The sound of breaking glass could be as varied in range as a voice. The timbre and volume of even the subtlest crack told me everything about the environment the glass in question existed within. It was never a pretty sound, not to me, though glass itself was capable of making beautiful music. When it broke, it signaled a failure of some sort, and it always caused me pain. Was it too hot? Too cold? Had some violence been done? Some careless lack of attention paid to cause the damage?

This time, I was staring right at the bubble of viscous molten glass spinning at the end of my blowpipe while I shaped it. I'd done nothing wrong; my shop was as hot as ever. Sweat clung to my upper lip, and my hair stuck to my face and neck. The only thing keeping the sweat out of my eyes was the bandana tied around my head. I kept the pipe rolling, and yet I was sure I heard the sound of a crack, even felt it vibrate minutely through the metal of the pipe. It made no sense. In this state, it shouldn't be able to crack the way it had. Yet I knew in my bones that the piece was done for.

Every time this happened, I grieved. I wasn't a perfectionist, but I liked to think I gave life to the inanimate through my work, and every time a piece failed to achieve completion through some flaw—in the material or the environment or in myself as the artist—it felt like a death.

"We're done," I said, avoiding the perplexed looks of my assistants. Josh still crouched at the end of the pipe, ready to blow when I asked. Renee waited at the ready with the punty to complete the transfer so I could then begin opening up the piece to create an actual vessel. But there wouldn't be a transfer. This piece wouldn't make it to the next step because something was just off today. For the third time in a row, the glass didn't feel right, and it was as if gravity itself worked against me.

"But April, it looks fi—" Renee started to say. Before she could complete the thought, the glass globe formed a tiny crack, and then abruptly shattered as if I'd plunged it into ice—cold water.

"Talk about omens," Josh said, standing with a shake of his head. "Three for three. Did we get a bad batch?"

He took the blowpipe out of my hand while Renee swept up the mess. "Seriously," she said, glancing at me from where she crouched with the dustpan. "It's like the universe hates you today."

"The batch is fine. There's just something in the air, I guess."

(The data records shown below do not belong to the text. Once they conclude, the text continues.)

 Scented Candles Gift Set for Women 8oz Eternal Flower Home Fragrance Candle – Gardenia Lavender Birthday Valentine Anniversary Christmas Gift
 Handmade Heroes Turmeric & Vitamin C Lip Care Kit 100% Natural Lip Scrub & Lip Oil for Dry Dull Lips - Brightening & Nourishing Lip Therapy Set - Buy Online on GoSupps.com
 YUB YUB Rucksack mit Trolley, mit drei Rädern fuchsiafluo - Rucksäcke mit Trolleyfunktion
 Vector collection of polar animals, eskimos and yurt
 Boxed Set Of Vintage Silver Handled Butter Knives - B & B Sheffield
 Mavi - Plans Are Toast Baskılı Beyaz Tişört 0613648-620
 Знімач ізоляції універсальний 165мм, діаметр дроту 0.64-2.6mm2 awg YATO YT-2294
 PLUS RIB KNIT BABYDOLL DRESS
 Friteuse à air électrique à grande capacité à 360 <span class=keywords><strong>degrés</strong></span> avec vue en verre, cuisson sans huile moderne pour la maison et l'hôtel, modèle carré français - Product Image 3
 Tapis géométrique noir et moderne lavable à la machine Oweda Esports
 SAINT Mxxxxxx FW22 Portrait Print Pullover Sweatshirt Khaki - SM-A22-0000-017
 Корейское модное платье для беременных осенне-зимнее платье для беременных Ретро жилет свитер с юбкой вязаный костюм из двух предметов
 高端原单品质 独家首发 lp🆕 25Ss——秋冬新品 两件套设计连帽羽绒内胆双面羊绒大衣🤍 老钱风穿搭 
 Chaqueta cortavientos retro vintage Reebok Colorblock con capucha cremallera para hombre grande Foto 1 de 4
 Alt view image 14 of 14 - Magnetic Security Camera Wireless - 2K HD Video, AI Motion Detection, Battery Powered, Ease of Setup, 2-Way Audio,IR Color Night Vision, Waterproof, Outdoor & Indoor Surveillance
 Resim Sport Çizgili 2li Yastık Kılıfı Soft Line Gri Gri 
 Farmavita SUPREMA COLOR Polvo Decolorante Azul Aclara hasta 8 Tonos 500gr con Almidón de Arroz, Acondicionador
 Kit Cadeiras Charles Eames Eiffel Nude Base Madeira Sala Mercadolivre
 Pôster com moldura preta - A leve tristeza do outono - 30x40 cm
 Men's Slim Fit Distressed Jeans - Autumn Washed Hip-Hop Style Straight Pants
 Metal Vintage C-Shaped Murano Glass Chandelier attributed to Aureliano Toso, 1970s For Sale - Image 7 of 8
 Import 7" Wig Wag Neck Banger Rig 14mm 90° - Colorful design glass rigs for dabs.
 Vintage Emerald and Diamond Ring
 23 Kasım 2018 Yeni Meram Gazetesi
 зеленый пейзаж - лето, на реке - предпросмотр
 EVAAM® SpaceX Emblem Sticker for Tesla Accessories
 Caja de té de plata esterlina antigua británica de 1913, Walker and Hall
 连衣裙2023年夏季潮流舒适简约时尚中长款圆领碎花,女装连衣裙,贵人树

The feeling that something was off—kilter had started when I woke up. It was one of those "you should really just stay in bed" moments, when I climbed out of bed realizing I'd overslept, then discovered my coffee pot that I set religiously every night had failed to brew. When I went to make breakfast, my eggs had mysteriously gone bad. Lack of coffee is enough to ruin my day as it was, but I've always been pretty good at bouncing back from little inconveniences. We had a killer coffeemaker at the shop and one of the best bakeries in Seattle only half a block down the street. But despite eventually finding the fuel I needed to have a pretty amazing day, it just kept going downhill. When I looked at the calendar and realized it was the first of April, somehow I wasn't surprised.

"You guys take the afternoon off. I'm going to work up some more sketches for the show. If nothing else, we'll have concept art." I waved the couple off, and they gave me understanding hugs before heading out into a misty rain, hand—in—hand.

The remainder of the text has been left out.